A power-law distribution is sometimes called a scale-free distribution because it is the only distribution that remains the same irrespective of the scale. The term is referred to as scale invariance. A closely related concept to scale invariance is self-similarity. In mathematics, a self-similar object is exactly or approximately similar to a part of itself (i.e. K= 3*K/3). The whole has the same shape as one or more of the parts. Self-similarity means that any magnification would lead to a smaller piece of the object that is similar to the whole, for example, coastlines are statistically self-similar with all parts of them showing the same statistical properties at many scales. This is a typical property of fractals and appears in time cycles, as a large cycle encompasses smaller cycles, which in turn have smaller cycles nesting under them.
Fig. 10 Power law distribution
The power law can be described as…P(x)= cx-α
Here α is the scaling exponent. The distribution is an exponential function, which takes a straight line form on a logarithmic scale. lnP(x)=lnc-αlnx
Formally, this sharing of dynamics is referred to as universality, and systems with precisely the same critical exponents are said to belong to the same universality class. Working on the assumptions that time cycles belonged to the same universality class and were self-similar fractals, the k factor Intermarket ratio cycle periodicities were pulled out to test for a power-law distribution.
The K Tree
Several emerging market index pairs and top Dow Jones components were paired to isolate the K factor for cycle periodicities. Self-similarity appeared in most cases. About 3 Kitchin cycles, nearing a decade of daily data were tested for the study. The following three Intermarket ratio lines were studied.
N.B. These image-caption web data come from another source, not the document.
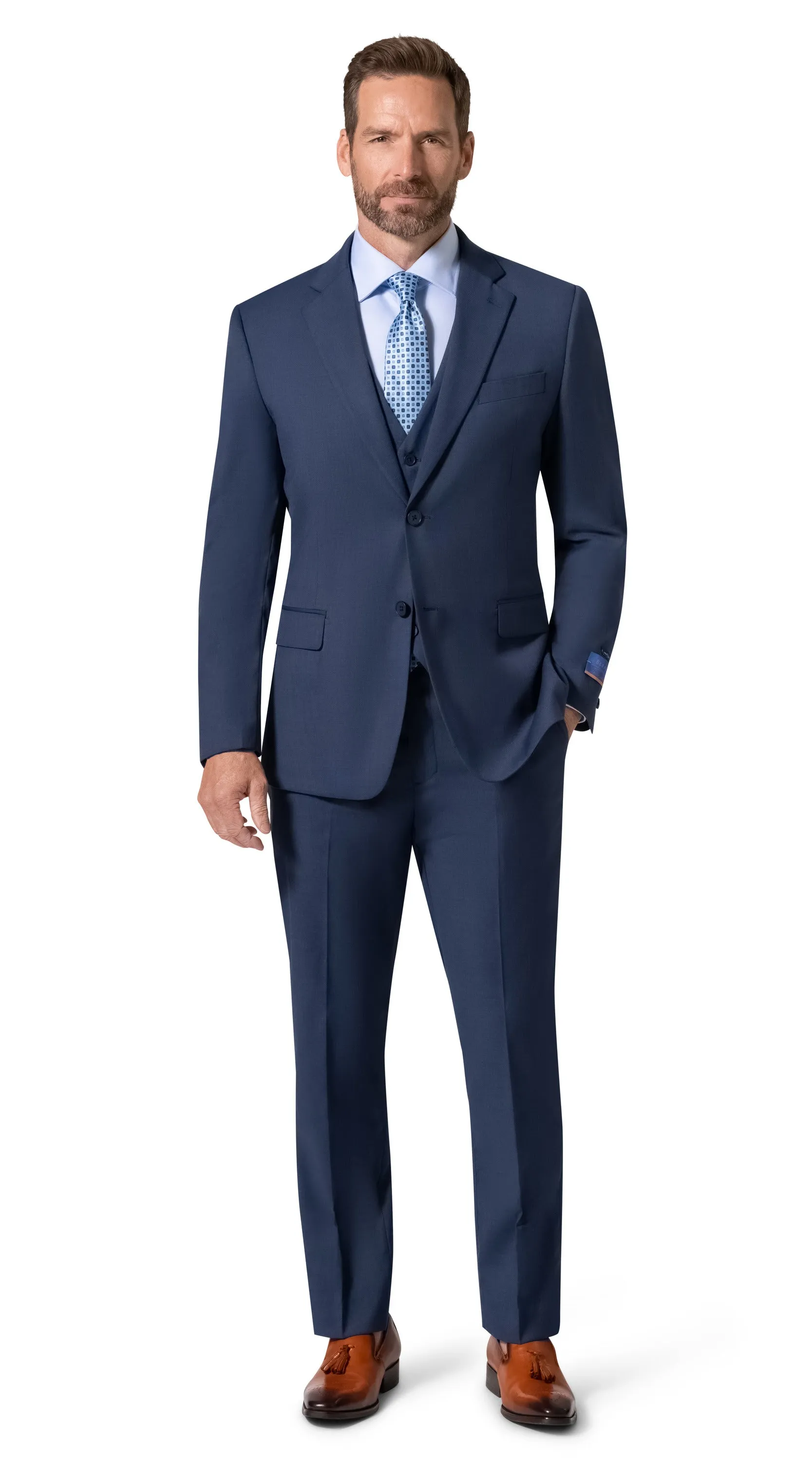 Bergamo Orange MARCO 003 Slim Fit Suit - Blue tailored clothing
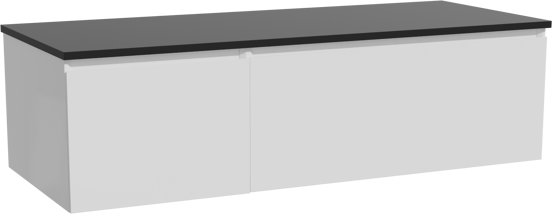 Storke Edge hängendes Möbelstück Set: 130 x 52 cm, Weiß glänzend, mit Panton Einzel- oder Doppel Waschtischplatte, Pulverbeschichtetes MDF Schwarz matt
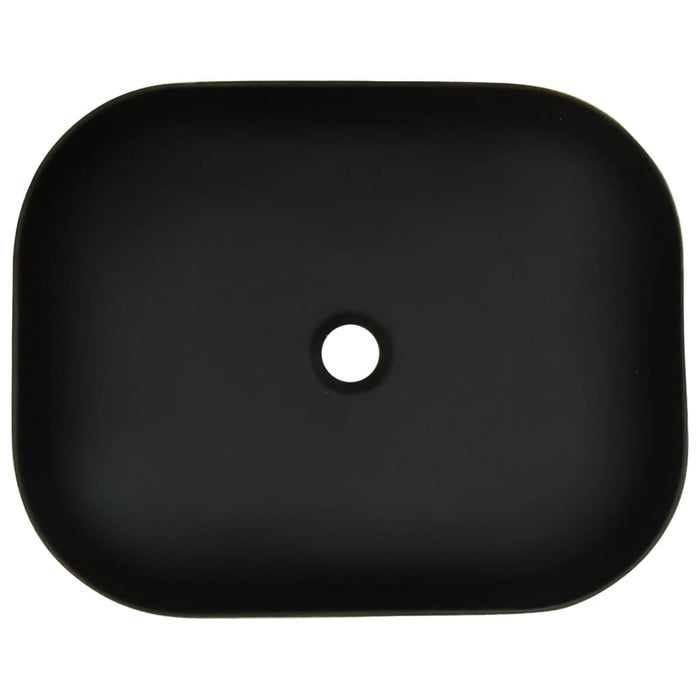 VXL Rectangular Countertop Washbasin Gray Black Ceramic 48X37.5X13.5 cm
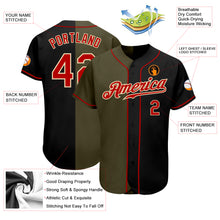 Load image into Gallery viewer, Custom Black Red-Olive Authentic Split Fashion Baseball Jersey
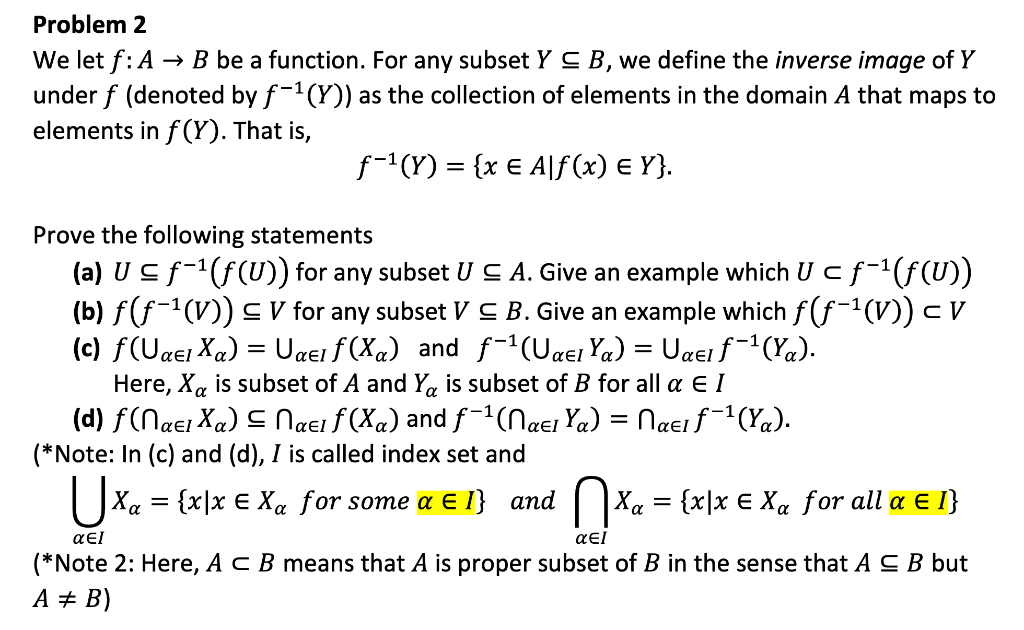 Solved Problem 2 We Let F:A → B Be A Function. For Any | Chegg.com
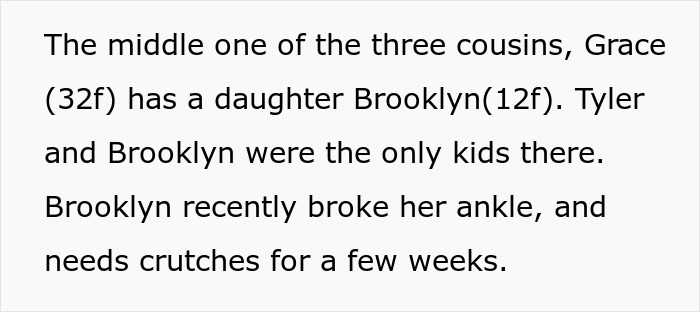 13YO Pulls Crutches Out Of Cousin's Hands And Throws Them Down Stairs, Mom Defends Him 13YO Pulls Crutches Out Of Cousin's Hands And Throws Them Down Stairs, Mom Defends Him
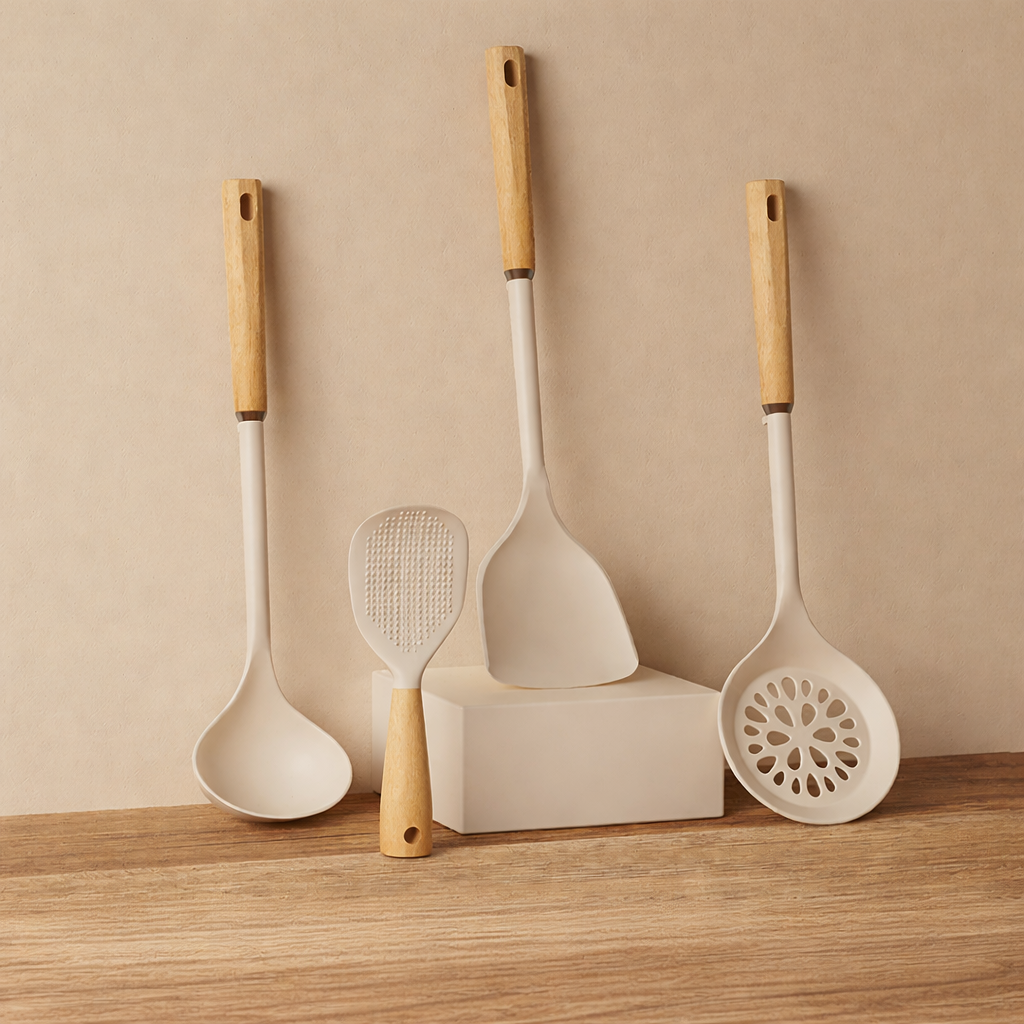 Wooden handle silicone rice spoon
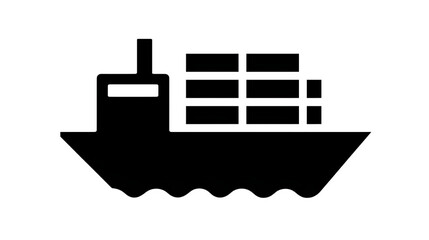 Obraz premium Filled black flat icon of a cargo ship with containers, minimal style, isolated on transparent background
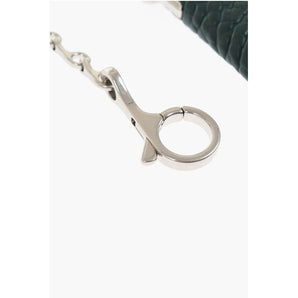 Burberry Textured Leather Wallet with Silver-Tone Chain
BRENT vs. WTM (Brent vs. Midland)
GE vs. CAT (General Electric vs. Caterpillar)
XOM vs. CVX (Exxon vs. Chevron)
The above pairs were purposely chosen owing to their high and poor correlation. BRT-WTM correlation was 0.99, XOM-CVX correlation was 0.97, and GE – CAT correlation was at 0.12 for the period under study. All of the pair cycle periodicities depicted the underlying K factor hierarchy.
Fig.11- Ktree
Intermarket Strategy
The strategy has three parts. First, there is a visual of three iterations of the K factor on the Intermarket ratio line (Fig. 12, Fig. 14, Fig. 16).
The second part includes the distribution and tabulation of the time cycle periodicity of the respective pair.
The tables (Table 1, Table 3, Table 5) carry the periodicities in days in column A. The calculations for B and C are enclosed.
B = Periodicity in days*STDEV + Mean C = NORMDIST (B,STDEV, MEAN, FALSE)
Where STDEV is standard deviation and NORMDIST is the normal distribution functions.
The third part (Table 2, Table 4, Table 6) is the working of the long-short strategy, where a long trade on numerator asset A of the Intermarket ratio is executed while simultaneously the denominator B from the pair is shorted. The entry number of days is the same as the time cycle periodicities carried on the second part of each working. The exit number of days is taken as half of the K/9 cycle. The strategies are tested for an average of 3 Kitchin cycles. Underlying spot prices on the two assets making the pair are used. There is a stop factor of 10% put to see how many times the pairs lose more than 10%. The strategy assumes a leverage factor of 1. The last column is the net annualized returns.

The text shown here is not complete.